United States District Court, S.D. Ohio, Western Division

July 27, 2018

United States of America, Plaintiff,
Calvin Tuck - 1, Defendant.


          Michael R. Barrett United States District Judge.

         This matter is before the Court on Defendant Calvin Tuck's Motion to Suppress Evidence (Doc. 85), the Government's Response in Opposition (Doc. 88), and Defendant's Supplemental Authority (Doc. 93). Defendant moves to suppress all evidence and contraband seized from 5039 Casa Loma Boulevard Hamilton County, Ohio, on December 8, 2017 and argues that the search warrant obtained to search 5039 Casa Loma Boulevard violated his Fourth Amendment rights. (Doc. 85). Specifically, Defendant contends that the search warrant was not supported by sufficient probable cause, as the supporting affidavit did not establish the requisite nexus between the place to be searched and the items to be seized. (Id.).

         I. BACKGROUND

         On June 27, 2018, the Court held an evidentiary hearing and argument on the “four corners of the affidavit” at issue. (Doc. 89); see United States v. Frazier, 423 F.3d 526, 531 (6th Cir. 2005) (holding that a court's “review of the sufficiency of the evidence supporting probable cause is limited to the information presented in the four-corners of the affidavit.”). At the hearing, the Government provided the Court with Exhibit A which contains the affidavit at issue, the search warrant at issue, and the return on search warrant which permitted officers to search the residence at 5039 Casa Loma Boulevard and four motor vehicles.[1] Following arguments, Defendant submitted Supplemental Authority in support of his Motion to Suppress in the form of the Sixth Circuit's recent decision in United States v. Christian, 893 F.3d 846 (6th Cir. 2018). (Doc. 93).

         II. ANALYSIS

         The Fourth Amendment provides that “[t]he right of the people to be secure in their persons, houses, papers, and effects, against unreasonable searches and seizures, shall not be violated, and no Warrants shall issue, but upon probable cause, supported by Oath or affirmation, and particularly describing the place to be searched, and the persons or things to be seized.” U.S. Const. amend. IV.
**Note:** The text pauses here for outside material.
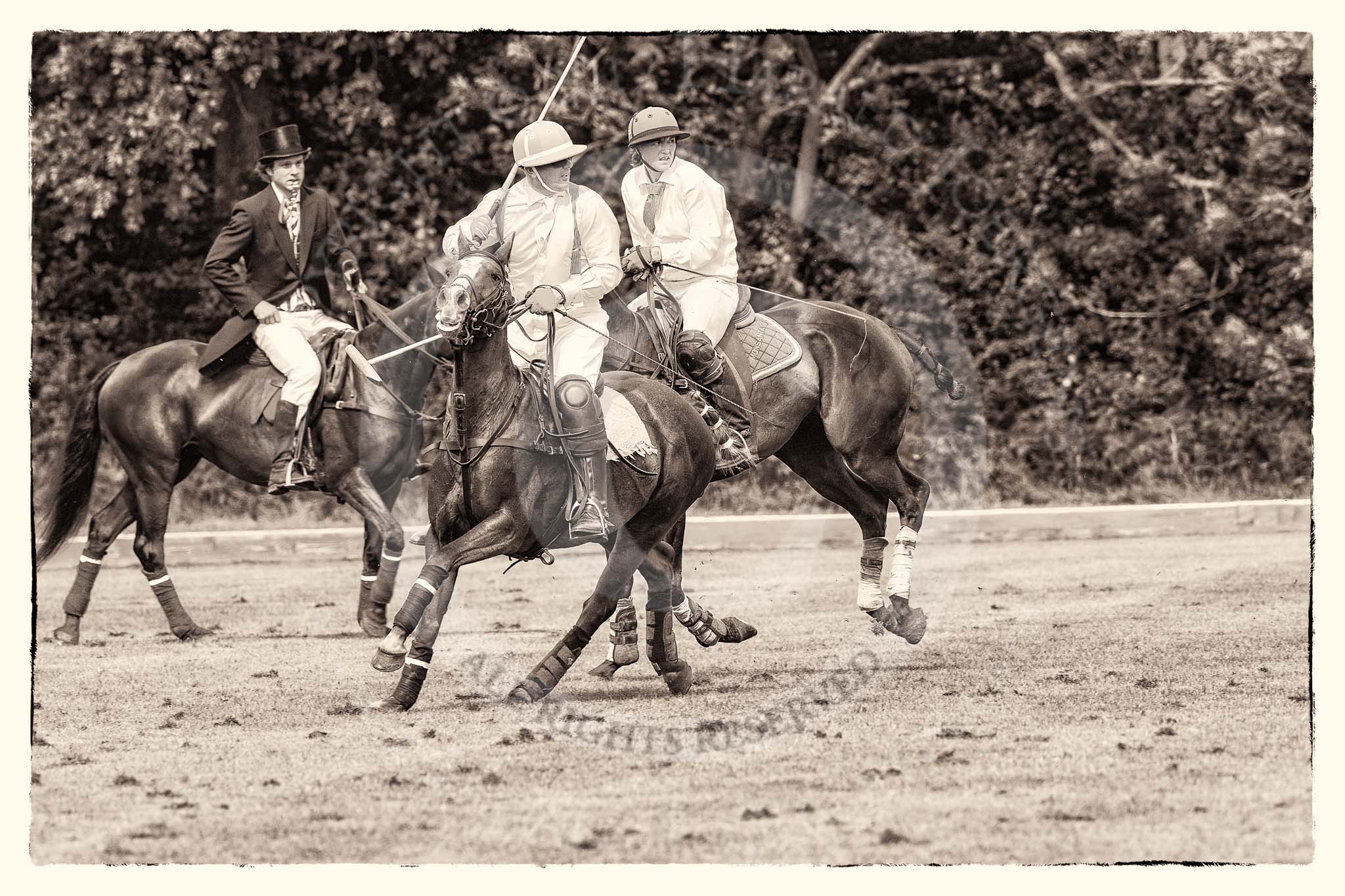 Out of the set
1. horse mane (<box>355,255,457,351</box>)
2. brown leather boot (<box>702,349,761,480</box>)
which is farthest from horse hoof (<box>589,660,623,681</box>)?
horse mane (<box>355,255,457,351</box>)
         Where an affidavit is submitted as the basis for probable cause in support of a search warrant, the Fourth Amendment requires that the affidavit “must provide the magistrate with a substantial basis for determining the existence of probable cause.” United States v. Helton, 314 F.3d 812, 819 (6th Cir. 2003) (quoting Illinois v. Gates, 462 U.S. 213, 239 (1983)). “This requires ‘a nexus between the place to be searched and the evidence sought,' ‘at the time the warrant is issued.'” Christian, 893 F.3d at 853 (citing United States v. McPhearson, 469 F.3d 518, 524 (6th Cir. 2006), and United States v. Hython, 443 F.3d 480, 485 (6th Cir. 2006)). “The connection between the [location to be searched] and the evidence of criminal activity must be specific and concrete, not ‘vague' or ‘generalized.'” United States v. Brown, 828 F.3d 375, 382 (6th Cir. 2016).
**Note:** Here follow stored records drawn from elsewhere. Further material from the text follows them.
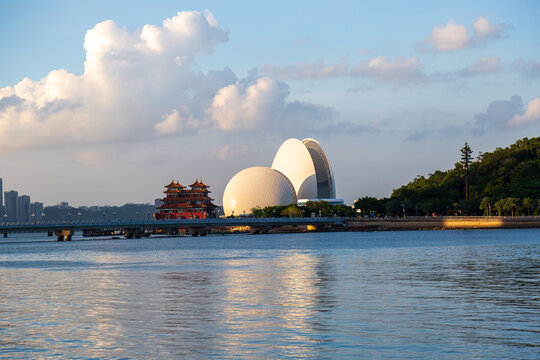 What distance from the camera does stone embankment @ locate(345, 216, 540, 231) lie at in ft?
447

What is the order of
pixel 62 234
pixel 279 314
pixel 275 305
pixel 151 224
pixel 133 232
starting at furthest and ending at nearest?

The probable-cause standard is practical and nontechnical. [ ] Frazier, 423 F.3d [at] 531 [ ]. In other words, a reviewing court should consider the “totality of the circumstances” rather than “engage in line-by-line scrutiny of the warrant application's affidavit.” United States v. Williams, 544 F.3d 683, 686 (6th Cir. 2008). But the court must limit its “review of the sufficiency of the evidence supporting probable cause . . . to the information presented in the four-comers of the affidavit.” Frazier, 423 F.3d at 531.

Christian, 893 F.3d at 853.

         In Christian, in reversing the district court's denial of the defendant's motion to suppress, the Sixth Circuit found fault with the sufficiency of the affidavit as it related to the defendant's criminal history, a controlled buy, a confidential informant, and surveillance by law enforcement. As those areas of concern are similar to the areas of concern in this case, the Court will compare and contrast the affidavits using those areas. Before doing so, the Court notes that the affidavit in this case begins by setting forth, in sufficient detail, information regarding the Affiant's background and experience in narcotics investigations, including working with a team of investigators who are trained and experienced in narcotics investigations, interviewing numerous individuals arrested for various drug offenses, and familiarity of the methods that drug traffickers utilize for the sale and distribution of narcotics. Search Warrant Affidavit, page 2. The Affiant then explains how, in October 2017, the Affiant received information from a source which identified Defendant as a heroin trafficker in Cincinnati, Ohio, using the cellular phone number (513) 714-6919. Id. The Affiant explains that the Affiant confirmed Defendant's identification using personal knowledge of Defendant, a picture obtained from the Ohio Bureau of Motor Vehicles, and the source's visual identification of Defendant based on that picture. Id. With that background, the Court turns to the areas of concern highlighted in Christian. The Court will begin by comparing the criminal histories of Christian and Defendant Tuck. The Court will then compare the controlled buys, confidential informants, and surveillance methods found in the two cases.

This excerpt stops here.